The Caltech Counselling Centre has this to say on “who is likely to have the impostor syndrome?“:

Attitudes, beliefs, direct or indirect messages that we received from our parents or from other significant people in our lives early on may have contributed to the development of impostor feelings. Certain family situations and dynamics tend to contribute to impostor feelings: when the success and career aspirations conflicts with the family expectations of the gender, race, religion, or age of the person, families who impose unrealistic standards, families who are very critical, and families who are ridden with conflict and anger.

Some researchers identify two main types of family dynamics that can contribute to impostor feelings, although there may be others.

Family Labels: Different children in a family may be identified or labeled differently. For example, some families have one “intelligent” child and one “sensitive” child. While growing up, many times families will not change their perception of each child, no matter what that child does. Therefore, the sensitive child, even if she gets better grades or more awards may not be recognized for her intelligence. This can lead to doubting her intelligence and believing the family is correct even with evidence, which contradicts these labels.
The sensitive child in this example has been raised to play the script of the sensitive child. When they go on to play other roles, they still sometimes encounter social cues indicating they’re in the wrong role. Impostor syndrome results.

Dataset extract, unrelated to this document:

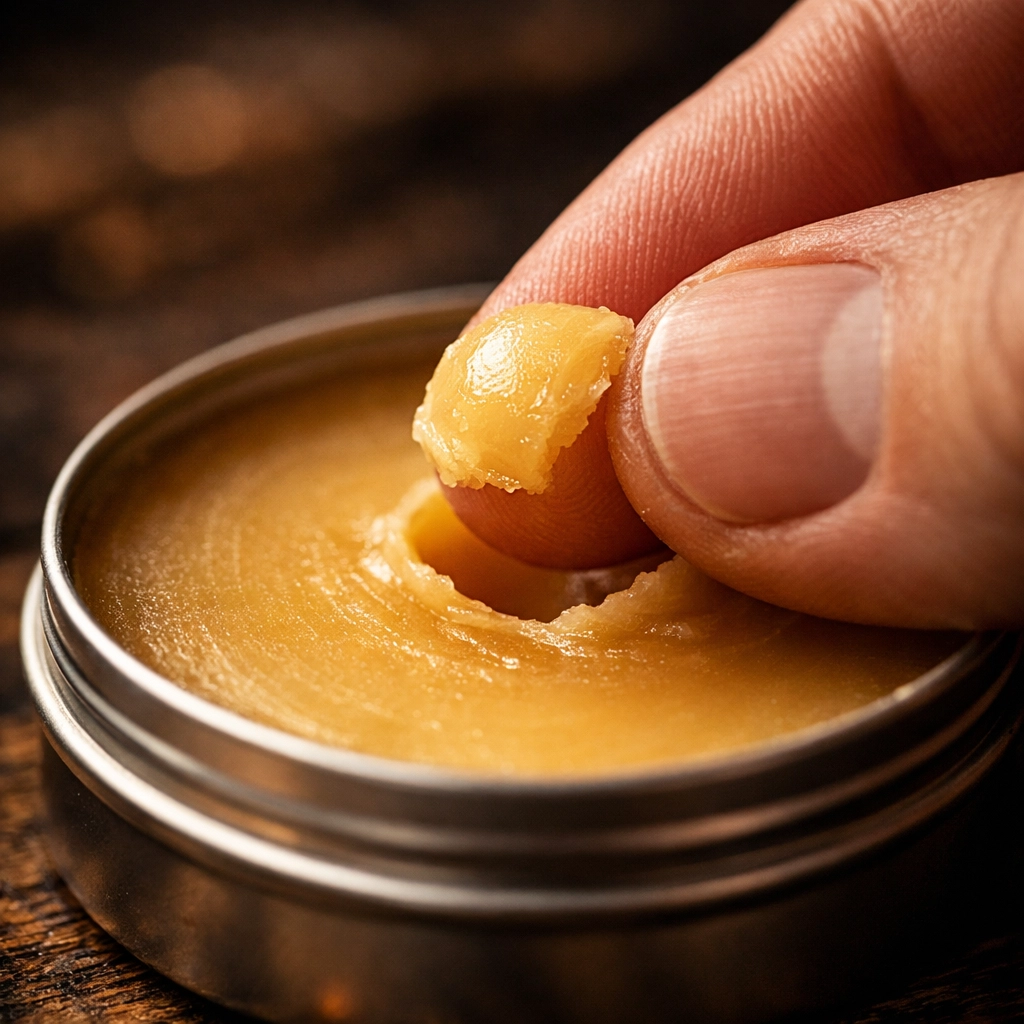 A finger scooping a pea-sized amount of premium natural beard wax from a metal tin.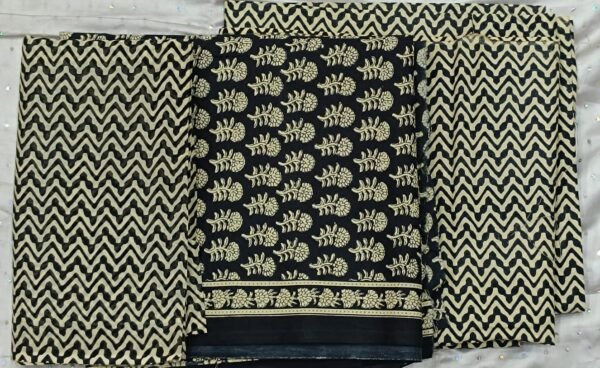 Black hand block print dress material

Impostor syndrome is thought to be quite common amongst women in science. In this light I don’t think it’s surprising: there are so many cues in society that we are not what a ‘scientist’ is supposed to look or act like. We don’t fit the stereotypes. Many female scientists were raised to be that sensitive child.

I started reading about impostor syndrome when I was asked if I had any ideas on whether Impostor Syndrome is a recent phenomenon in society. The syndrome was first termed in the 70s, but sociologists and psychologists had described similar things well before then.

I would expect its prevalence is a relatively recent phenomenon. In “the good old days” people had extremely rigid options for what roles they could have in society. Women had few if any career options. There was little social mobility. Non-white people had even less social mobility. Most people followed a career trajectory sculpted by their parents – not by themselves. And so, people had a script determined for them. Relatively few people had the ability to deviate from it successfully. They could only play roles that had been assigned to them.

In modern society, most of us have the privilege of picking the roles we want to play. Regardless of whether we were raised to fit the role, or look like the stereotype. I don’t think people with impostor syndrome are crazy:_ I think they’re picking up on cues that they’re not in a role they were created to be in_.

Reflecting on the times I’ve experienced impostor syndrome, they were situations where I didn’t look the part (too young, too female). Or they were situations that I hadn’t been raised to fit into – I was raised to be nerdy/geeky. I feel like an impostor at the gym, and I definitely felt like an impostor when I taught a fencing class many years ago.

I don’t have a magic answer for getting over impostor syndrome, and the link between social cues and impostor syndrome stands only as a hypothesis at this point. But I do think we impostors are necessary to subvert social scripts. Just because you don’t look the stereotype or were raised to do doesn’t mean you can’t, and hopefully that won’t stop you.

References:

Berdahl, J. 2013. Testimony on Sexual Harassment to the Canadian House of Commons Standing Committee on the Status of Women.
Bourdieu, P. 1979. La distinction.
Caltech Counselling Center. The Impostor Syndrome.
Goffman, E. 1959. The Presentation of Self in Everyday Life.
Kahneman, D. 2011. Thinking Fast and Slow.